A couple months ago, I got the iThemes Security WordPress plugin and set the auto-away mode from 12:00am to 6:00am. After all, I’m asleep at those times and it would make no sense to keep my admin login and backend open at these times. Or so I thought. There were nights where I would stay up late, and just recently on my trip to China, I was locked out in the middle of the local time of day!

In this situation, it’s not possible to unlock yourself by going to your WordPress admin, because it’s locked down. You’ll have to dig into your site’s files, via an FTP client or SSH. When you get to the plugin’s files, one line of code will disable the auto-away lockout until you can change the settings.

What you will need

• An FTP or SSH Client
  • Preferred: an FTP client. I will demonstrate using the ever-popular FileZilla.
  • Alternate: (for experts only). Command-line SSH access. Must have a CLI text editor such as Vim or Emacs
• If using the preferred method above: a text editor, such as Notepad++ or Sublime Text. Choice is up to you.
• Your site’s FTP/SSH details. If you don’t know, ask your site/network administrator or manager. The details you will need are:
  • The FTP host name. Usually this is just your site’s address or something like ftp.yoursitename.com.
  • Port. By default this is 21, although secure connections require port 22.
  • Type of connection: SFTP or FTP.
  • FTP Username
  • FTP Password

Step 1: Getting connected

If you already know how to connect to your site via FTP or SSH, you can skip to Step 2.

Via FTP

Open FileZilla, go to File → Site Manager (Ctrl/Cmd + S). Click the “New Site” button and enter your site’s details. Then, hit the “Connect” button.

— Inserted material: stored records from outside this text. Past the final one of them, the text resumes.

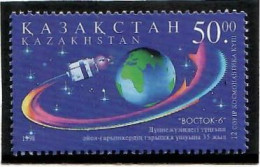 Kazakhstan 1998 . Space (Woman:Vostok-6). 1v. Michel # 215 - Kazakhstan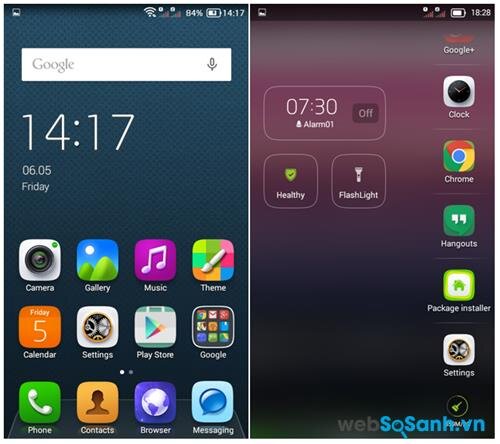 Smartphone Flash Plus chạy hệ điều hành Android 4.4 KitKat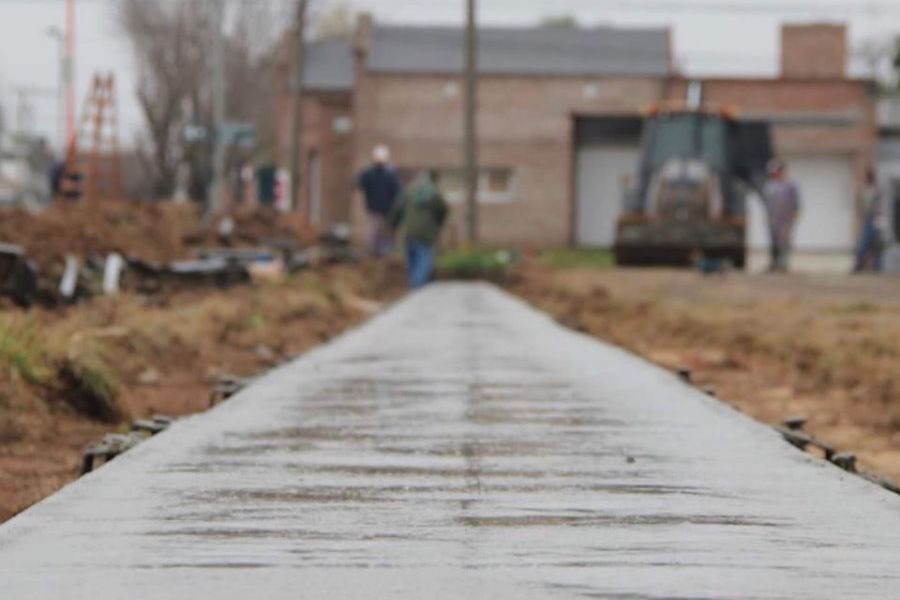 Obras en acceso oeste - Foto Comuna de Franck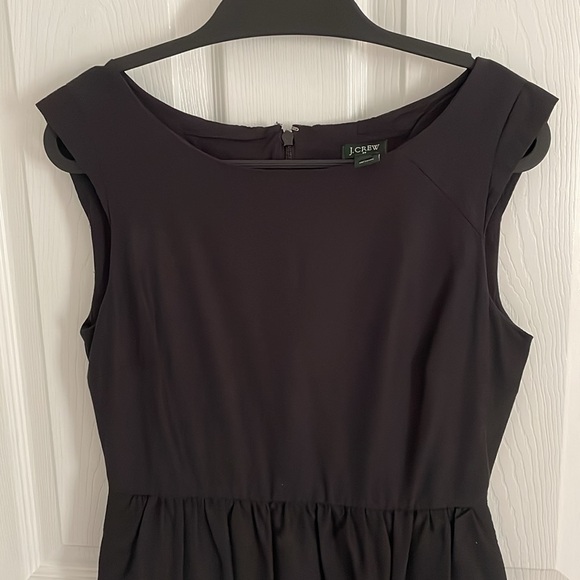 EUC J. Crew Factory Black Sleeveless Dress, Size 0 - Picture 4 of 4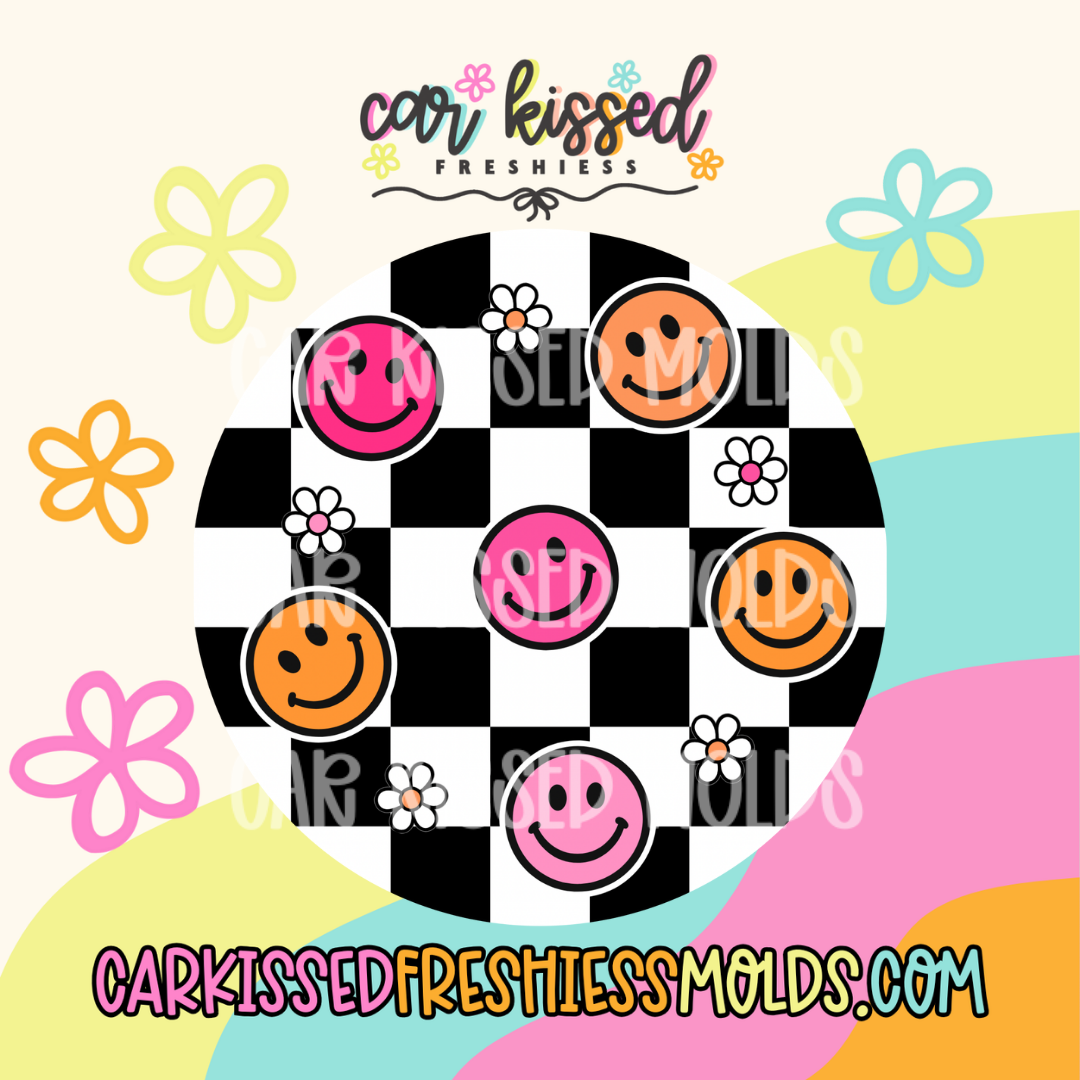 Checkered Smiley Cardstock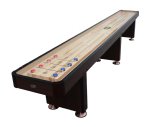 "The Standard" 16 Foot Shuffleboard Table by Berner Billiards ~ Espresso or Black<BR>FREE SHIPPING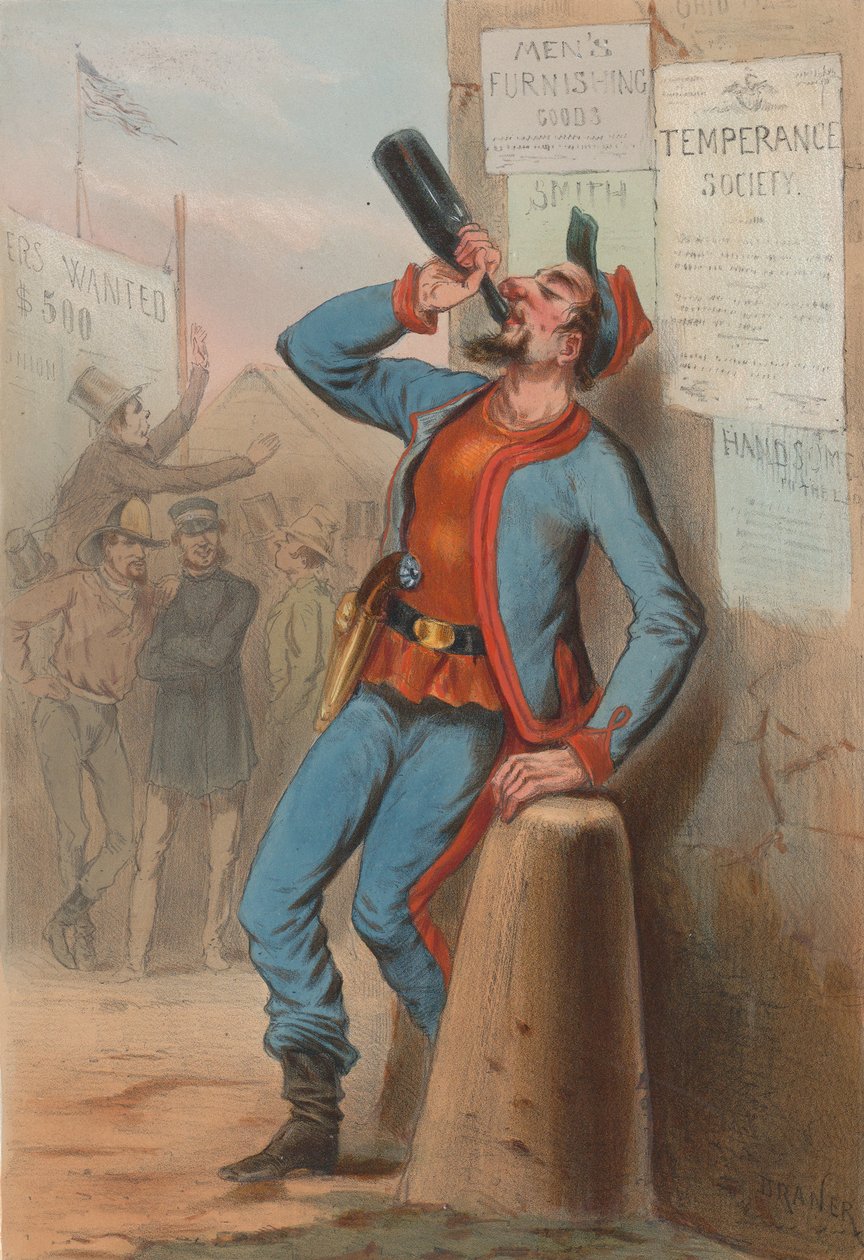 États-Unis 1865 - New-York Fire-Brigade Zouaves, 1865 von Draner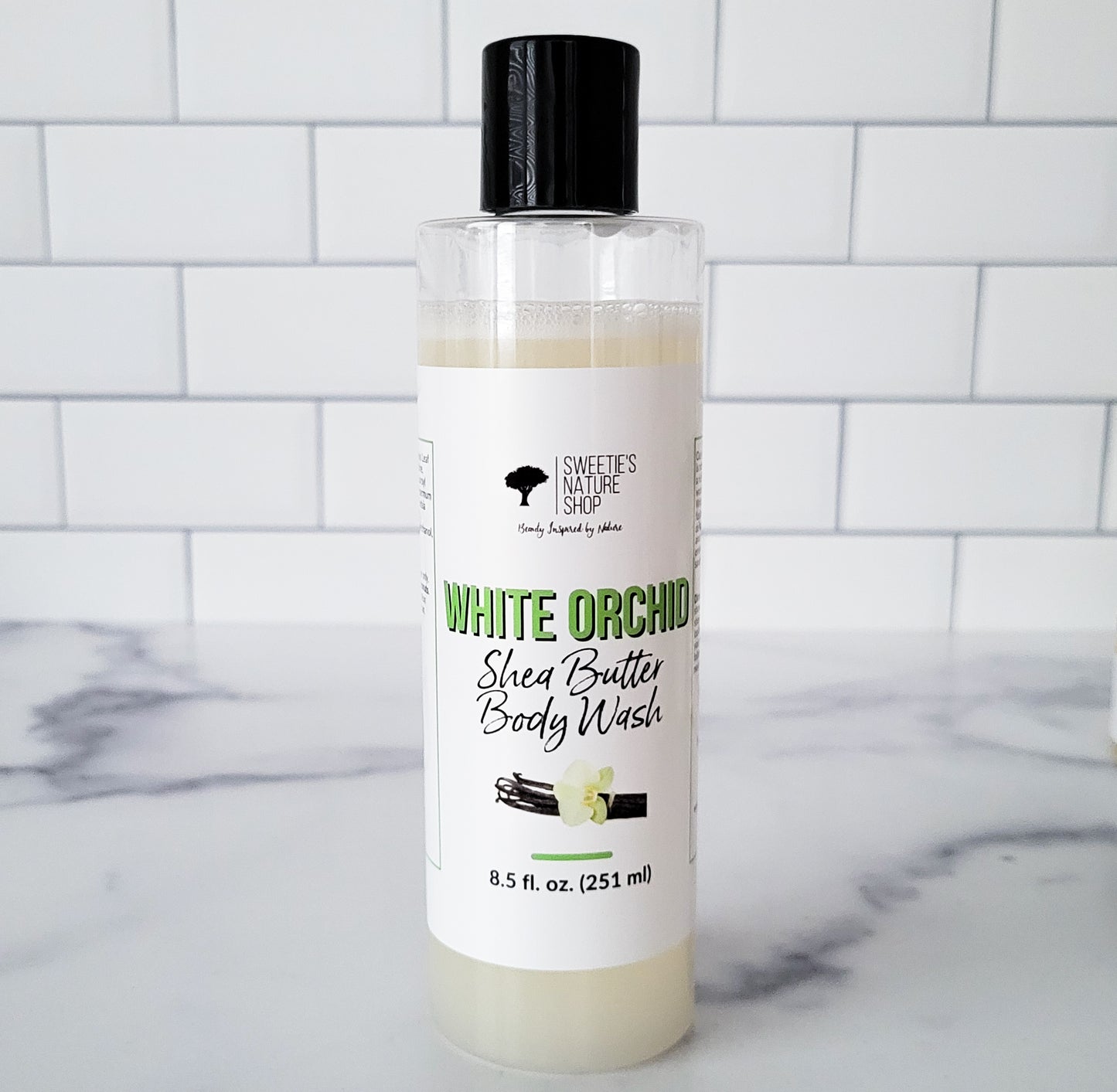 White Orchid Shea Butter Body Wash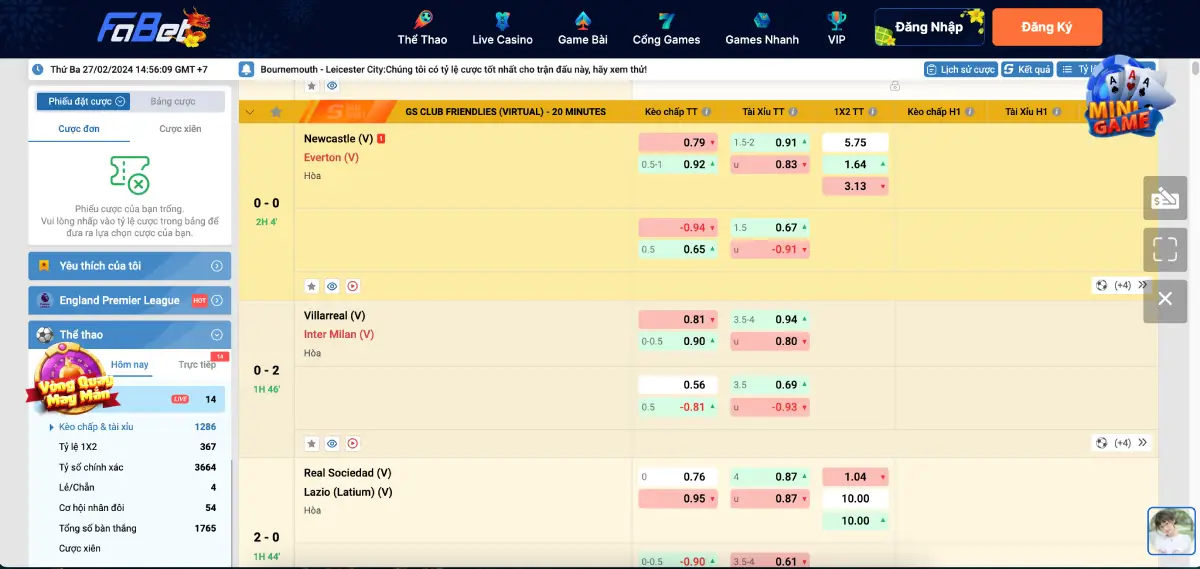 Cách chơi kèo tài xỉu phổ biến trong cá cược bóng đá 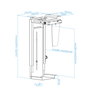 Tooq Soporte Metálico para CPU TQMUD01 Negro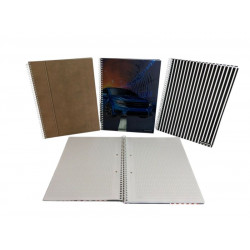 CUADERNO 22X29cm T/DURA 80hjs CUADRICULADO VARON  ASAMBLEA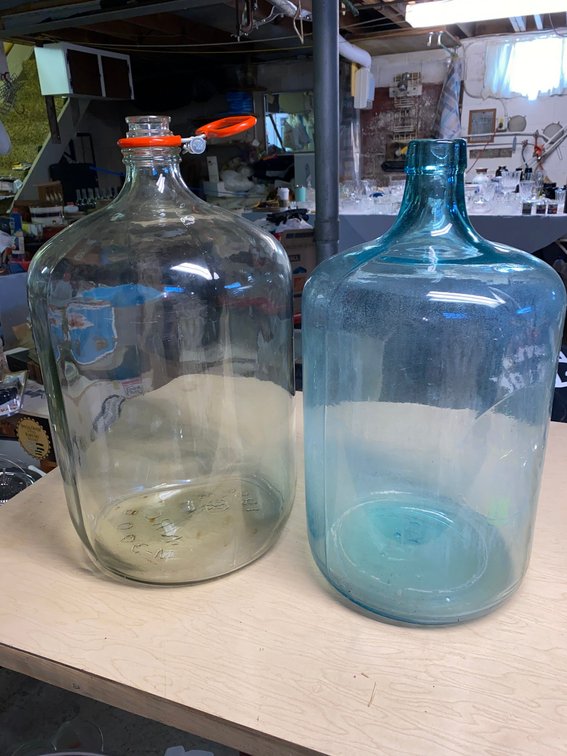 2 Glass Carboys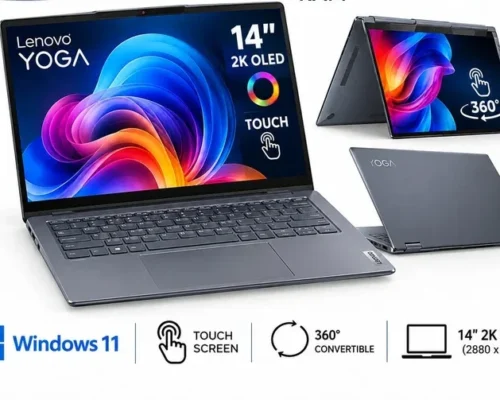 LENOVO YOGA 7i  CORE ULTRA 7 355 24GB RAM-512GB SSD 14″ 2K OLED TOUCH X 360 WIN11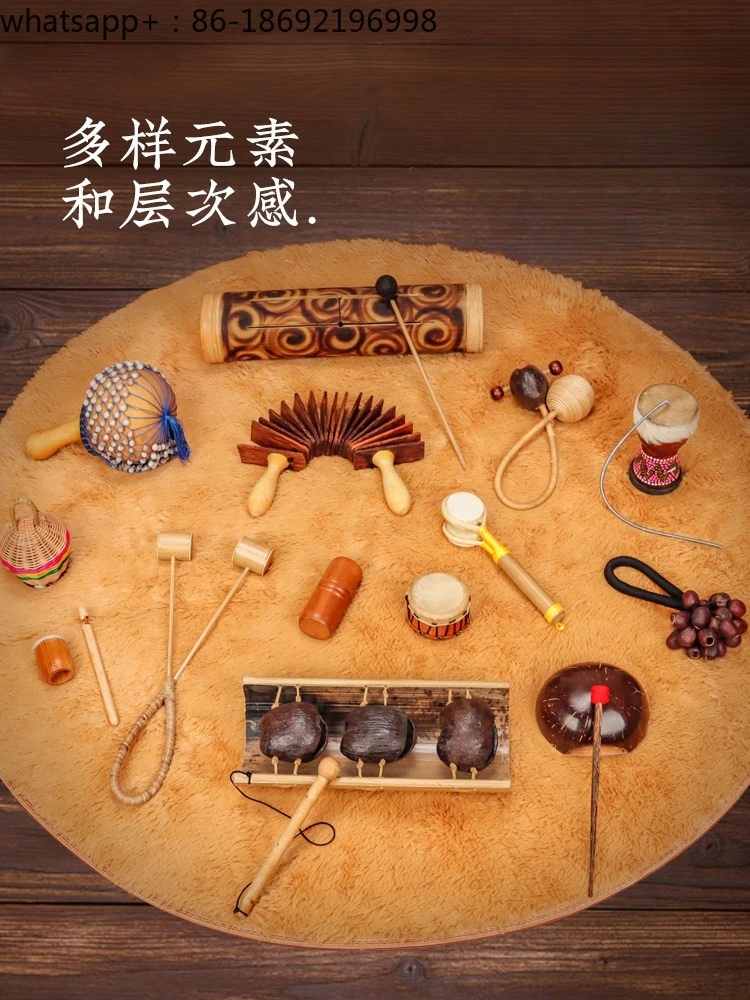 Bedoro Wood Dance Bell Agogo Natural Plant Nutshell ASMR Yoga Sound Therapy Percussion Instrument
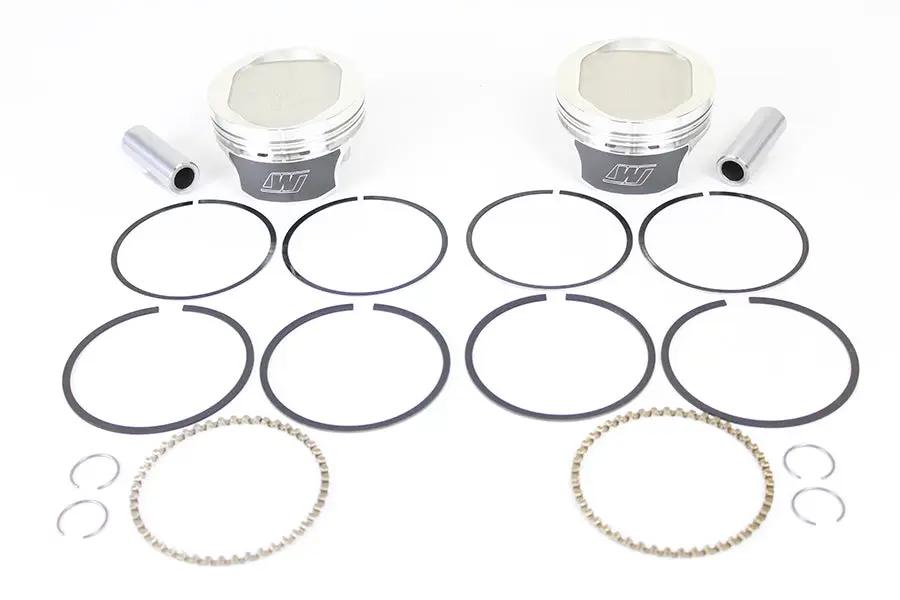 Wiseco Tracker Series 883cc Piston Set .010 Oversize for Harley Davidson XL (Part K0212P1) by Wiseco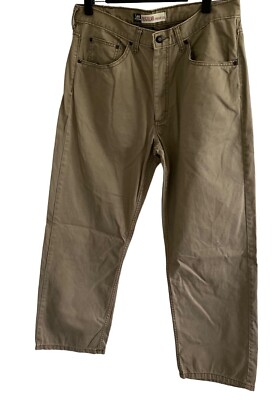Herren Straight Leg LEE PREMIUM JEANS W34 L30 Dunkelbeige OHNE ETIKETT UNBENUTZT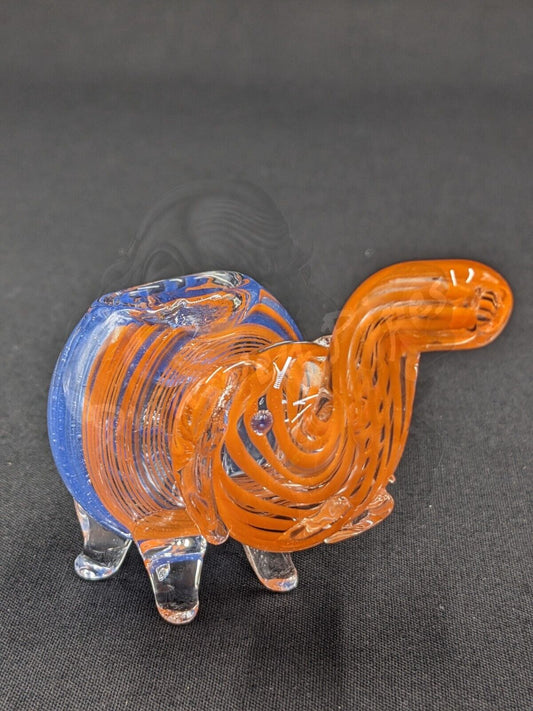 3" Elephant Glass Bowl Pipe 11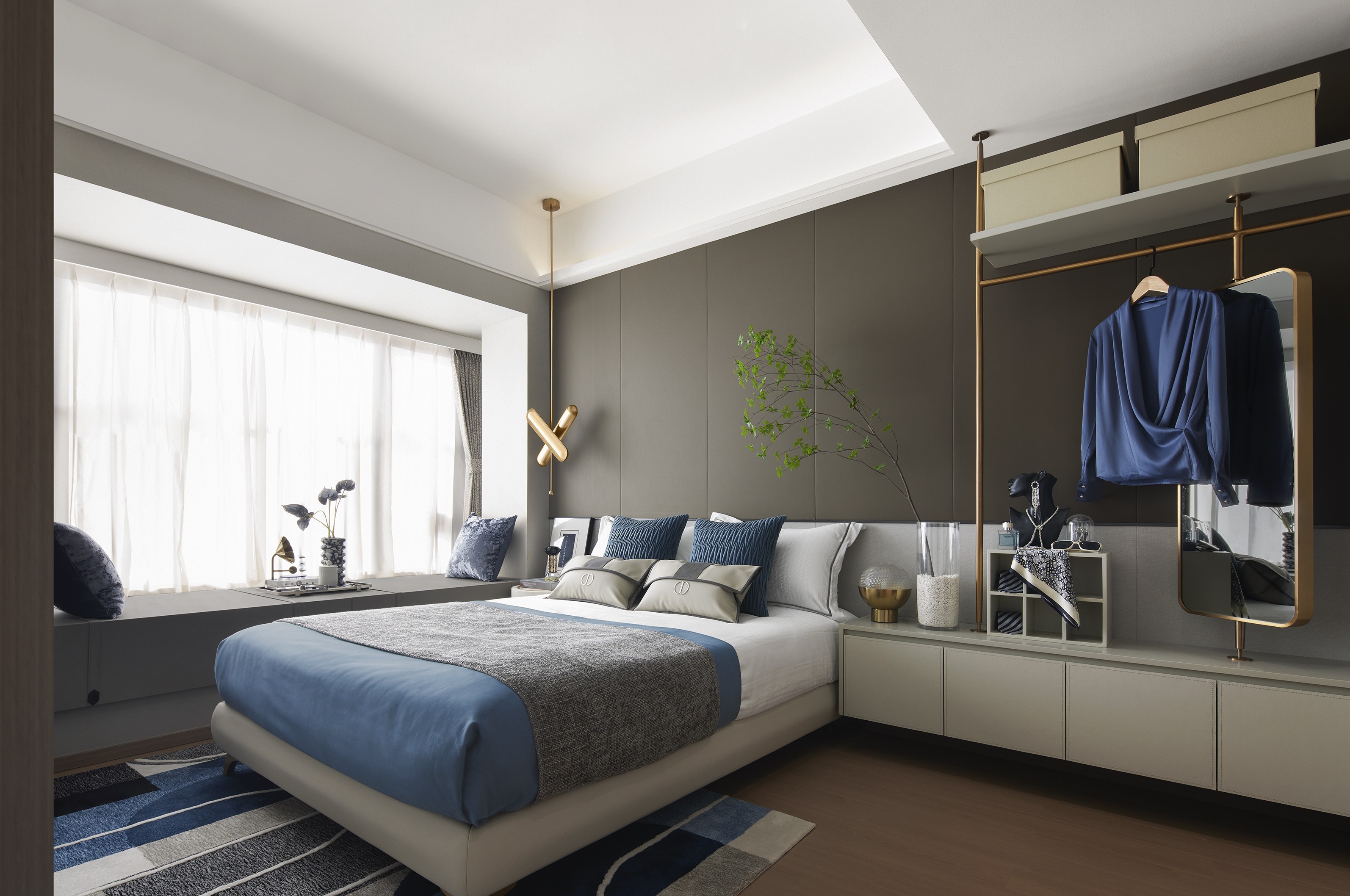 深物业·澜湖时代·莫兰迪蓝样板间丨中国深圳丨深圳市伊派室内设计有限公司-20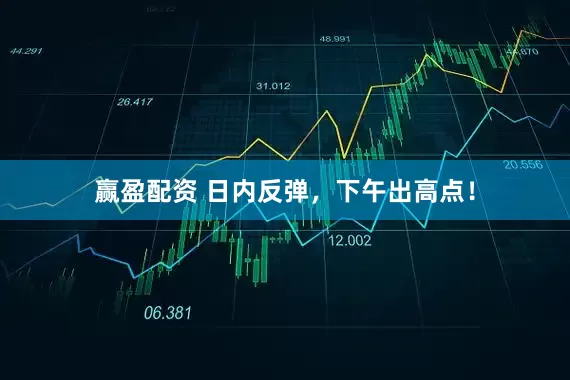 赢盈配资 日内反弹，下午出高点！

If you do not know your site’s FTP connection details, you will need to contact your site administrator.

Via SSH

In an SSH-supported terminal (Terminal for Mac OS/Linux, Cygwin/PuTTY for Windows), type:

ssh myusername@mysite

Replace myusername and mysite with the appropriate details. Then follow the instructions.

Step 2: Get to the plugin

In the FTP or SSH client, navigate to your WordPress root. Then, go to the following path:

wp-content/plugins/better-wp-security/core/modules/away-mode

Important note: Depending on when you installed the plugin, the better-wp-security folder may be named something like “ithemes-security“.

Comment: By editing just the Auto Away module, you are ensuring that the other security features of the plugin are not affected. You can also manually disable the plugin by creating a folder called disabled in your wp-content/plugins directory and moving the better-wp-security/ithemes-security folder within. However, this will not change the Auto Away settings once you put the plugin back in its place.

Now you should see a file called class-itsec-away-mode.php. Open this with your text editor. In FileZilla, right click the file, then select “View/Edit”.

Step 3: Edit the plugin file

The critical part. Perform a search for the line “public static function is_active” (Ctrl/Cmd + F in most editors). On the latest version of iThemes, this is on line 27. Now add a new line immediately below:

return false;

What this does is cause the away-mode module to automatically indicate to the plugin, “there is no lock-out in effect”.

Your code around the is_active function should now look like this. You added Line 2.

public static function is_active( $get_details = false ) {
	return false;
	require_once( dirname( __FILE__ ) . '/utilities.php' );

Save the file to the server. FileZilla users: save the file in your text editor and click “Yes” when prompted in FileZilla.

At this point, make sure not to close any FileZilla or text editor windows.

Step 4: Your wp-admin, unlocked

Go to your site’s WordPress Admin. Hooray, it is now unlocked!

Change or remove your site’s Auto Away settings. After you have done that, undo all the changes in your text editor and save the file to the server. That is, remove the return false; line of code that you just added. This is very important lest you want your Auto Away to never work again!